Would you want a more active boil than in the single-element-video?




iamozziyob said:


> is that nipple at the top for the future sparge arm?


The kettle, which actually still has the silicon hose from the nipple to the bottom of the kettle (avoiding the elements) in the video?
Minimizes splashing (and any chance of HSA) while the wort is being transferred from the mash, filling via the kettle-tap would leave any grunge/grain _under _the kettle false bottom/filter. The hose gets removed as soon as the kettle is full and I remember to pull it out.
Theory is - in the future - they will both allow quick/easy changing for a CIP spray-thing. Attach spray-thing to nipple via silicon hose, put lid on, pump/spray cleaning stuff all over the inside. So far I've found cleaning immediately after use saves much scrubbing, so the need for CIP will depend on my laziness now (not cleaned up from today's batch yet) and in the future


----------



## Wolfy (14/7/12)

*Update #20: Hop-back*
1000 words of text as well as 16000 words worth of pictures on blog here.

Originally I was planning to make an enclosed (pressurized) system, much like the Blichman Hop-Rocket. However, after research and reading, it appears that many Hop-Rocket owners run it up-side-down with the top open and get good or better results using it that way as a hop-back. Not having the hop-back fully enclosed made it much easier to design and make, however it does require monitoring while the kettle is draining to ensure that the system remains in equilibrium.

It's made from a "3L Bain Marie Buffet Stainless Steel Canister & Cover" (~$30 delivered from Ebay), however cheaper stainless canisters with perspex-type see-through lids that would likely do just as good job.





(Note: the silicon hose is to prevent splashing and reduce/eliminate any chance of HSA, however to work best - so the hose sits close/ontop of the wort, it needs an elbow under the lid which is not shown in the picture above).

The hop-back has 2x perforated stainless inserts, the first/bottom one has 3 stainless bolts that act as a stand-off to keep the filter above the base and allow adequate space for it to drain without issue:




The second perforated stainless insert-filter sits ontop of the bolt-heads:


----------



## Wolfy (14/7/12)

For using hop-pellets, I first made and used a swiss-voile hop-back-bag:










But a better (and easier) solution, was a single-disk of swiss-voile sandwiched between the two filter plates:










Both the kettle kettle false bottom and hop-back actually work better when using more hops (especially whole hops).

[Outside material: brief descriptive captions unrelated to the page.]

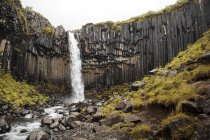 Pintoresca cascada salpicando desde el acantilado rocoso, Islandia - foto de stock
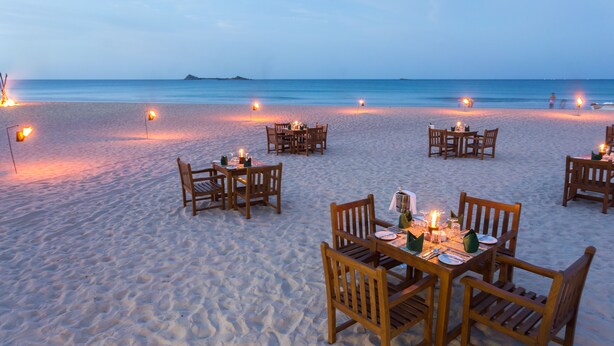 Un espace de restauration situé en bord de mer, avec des tables et des chaises disposées sur le sable, chacune agrémentée de bougies et d’une décoration de table.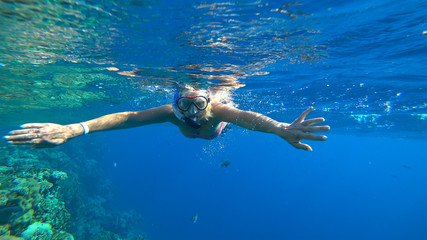 woman and snorkeling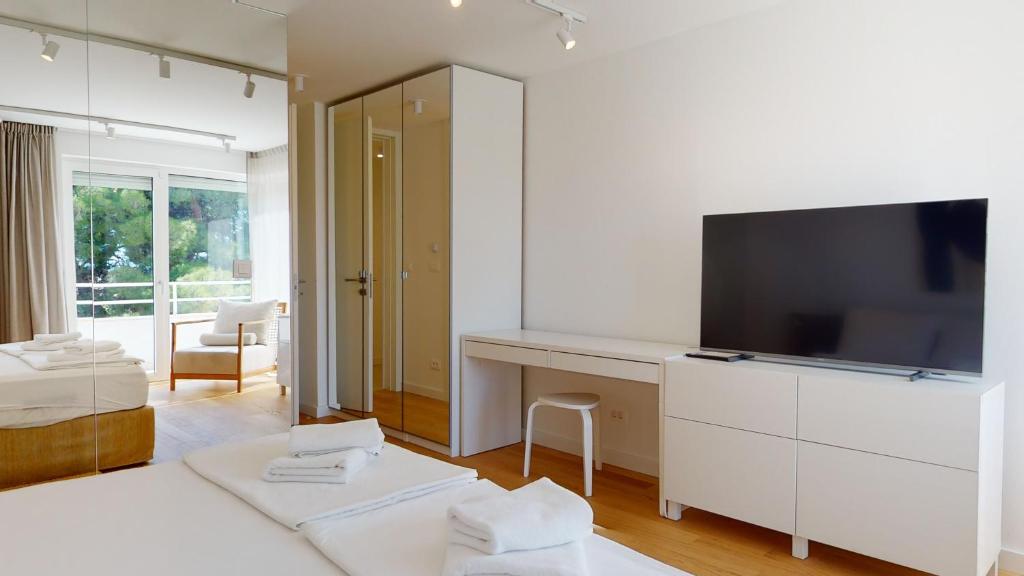 Postel nebo postele na pokoji v ubytování Villa Zoe Suites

3 kettle additions and 1 in the hop-back, each combining both whole hops and hop pellets:





Kettle filter doing it's job:





And the hop-back after use:




The second/swiss-voile layer, filtering the rest of the break and all the pellet hop-debris:





Leaving nice clear wort into the fermentor:


----------



## hsb (14/7/12)

Where did you source the perf stainless inserts? Buy a sheet and cut it?
Wort looks fantastic in the last shot, nice work.


----------



## Wolfy (14/7/12)

In another thread I got accused of not being a real brewer because I didn't use swiss-voile, so here is an AHB-only update:
*Update #21 Swiss-voile*

In keeping with the DIY aspect of this brewery build, with some guidance from SWMBO (she threaded the machine and provided basic instructions):





I made some a hop-back-bag:




and some hop-socks:





Both worked as intended, however, the additional hop-debris floating around in the kettle actually seems to allow it to filter _better_. In addition since they were sewed with thin nylon thread and are made from flimsy nylon swiss-voile, they didn't stand up to the washing machine:




... so it's unlikely they will feature in future brew days.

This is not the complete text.